Manchester United may be leaner and fitter in financial terms since the arrival of Sir Jim Ratcliffe, but the desired level of success on the pitch is still elusive.

Manchester United’s wage bill fell to £73.6million during the first quarter following the Old Trafford club’s restructuring programme and the loan exits of high earners Marcus Rashford and Jadon Sancho.

United’s latest quarterly financial results revealed total revenues fell year-on-year during the first three months of the 2025-26 financial year, largely due to Ruben Amorim’s side failing to qualify for Europe and two fewer games played at Old Trafford.  Commercial revenues were also affected by United’s lack of a training kit partner following the end of a deal with block chain platform Tezos, worth in excess of £20m a year.

Despite this, United’s wage-to-revenue ratio fell to a healthy 52.5 per cent, compared with 56 per cent for the same period last year. The club’s total spending on wages was £73.6m, down from £80.2m the previous year. It is United’s lowest first-quarter wage bill since 2020.

Omar Berrada, United’s chief executive, said that United’s first-quarter results, covering the period up until September 30, demonstrate why the club made the “difficult decision” to enter a restructuring programme.

A club in decline?

On the face of it, United’s Q1 results, taking in the first three months of the 2025-26 season, show a club in decline. Revenue is down (£140.3million, £2.8m less than a year ago) and losses are up (£8.4m pre-tax loss, after a £1.6m profit in 2024-25).

However, analysis  by the New York Times suggests that wouldn’t be telling the full tale and, despite an awful season on the pitch last year having a bearing on these figures, there’s reason for optimism.

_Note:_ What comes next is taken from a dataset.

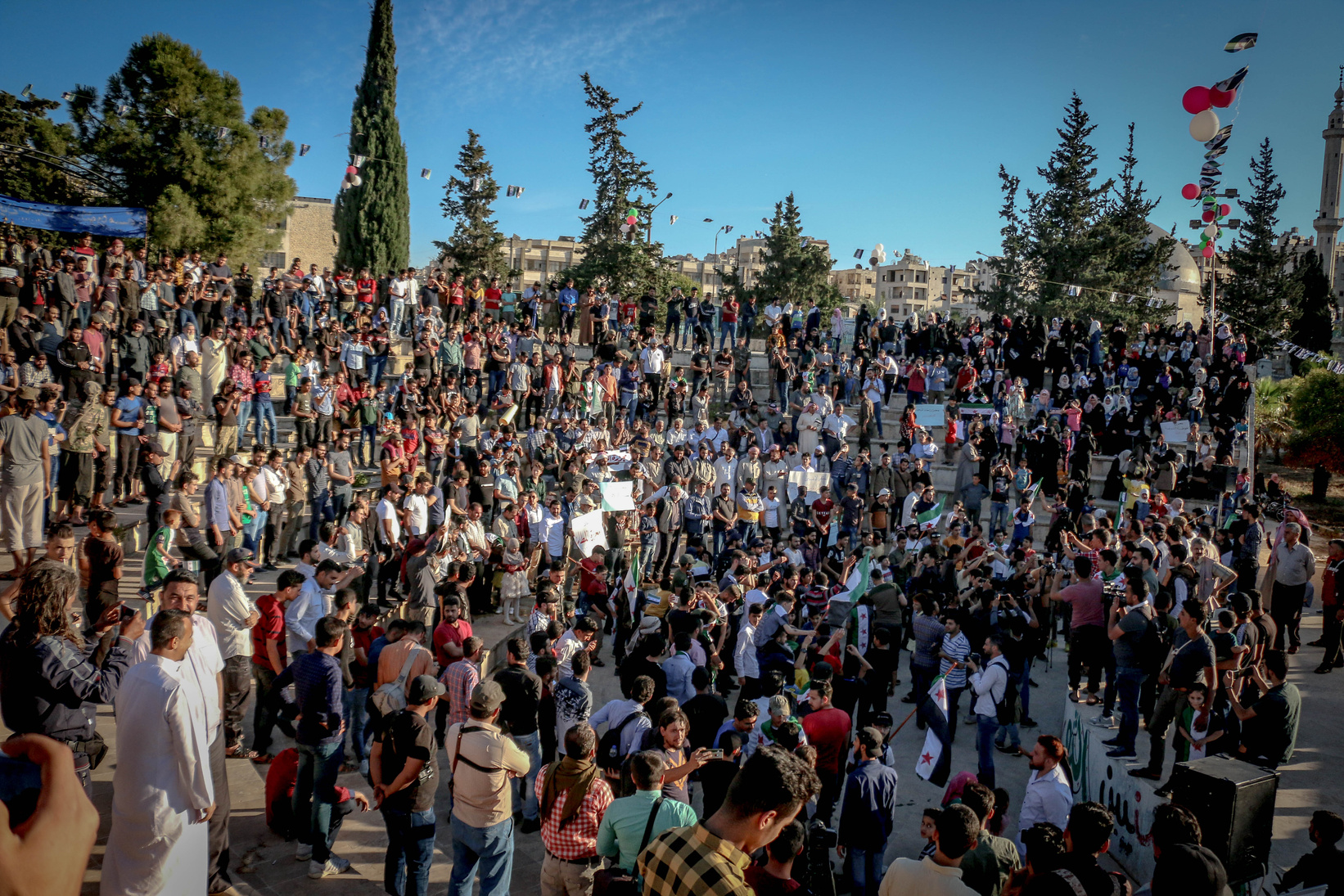 Unrecognizable crowd of ethnic protesters during rally on city street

Or, at the very least, justification for what CEO Berrada termed “difficult decisions” made recently.

The most obvious impact is shown in United’s wage bill, which dropped to a five-year low. More importantly, wages as a proportion of revenue were down to a six-year low, even as the latter fell.

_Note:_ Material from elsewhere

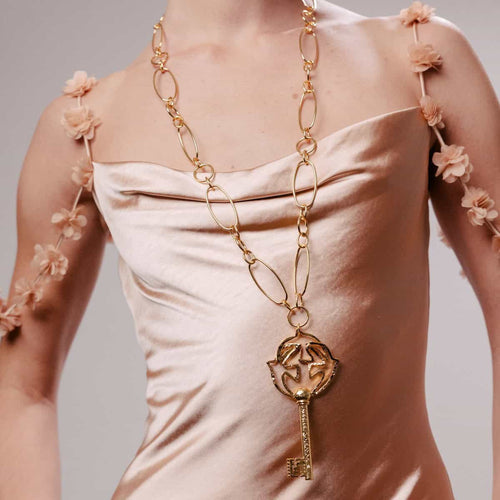 Pendentif doré Clé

Hefty cuts since Sir Jim Ratcliffe’s arrival are having their impact, though United’s finances remain far from fixed. Improved on-field performance is vital; revenue is still projected to dip overall in 2025-26, and that’s not a theme that can continue without further cuts to spending, which United won’t want to make.   You don't have to be a financial or football genius to spot the potential contradiction.

Debt and interest payments

Lurking in the background remains massive debt, which totalled £749.2million on 30 September. The figure was roughly known already but is no less galling for that, as it is close to the highest United’s debt has ever been.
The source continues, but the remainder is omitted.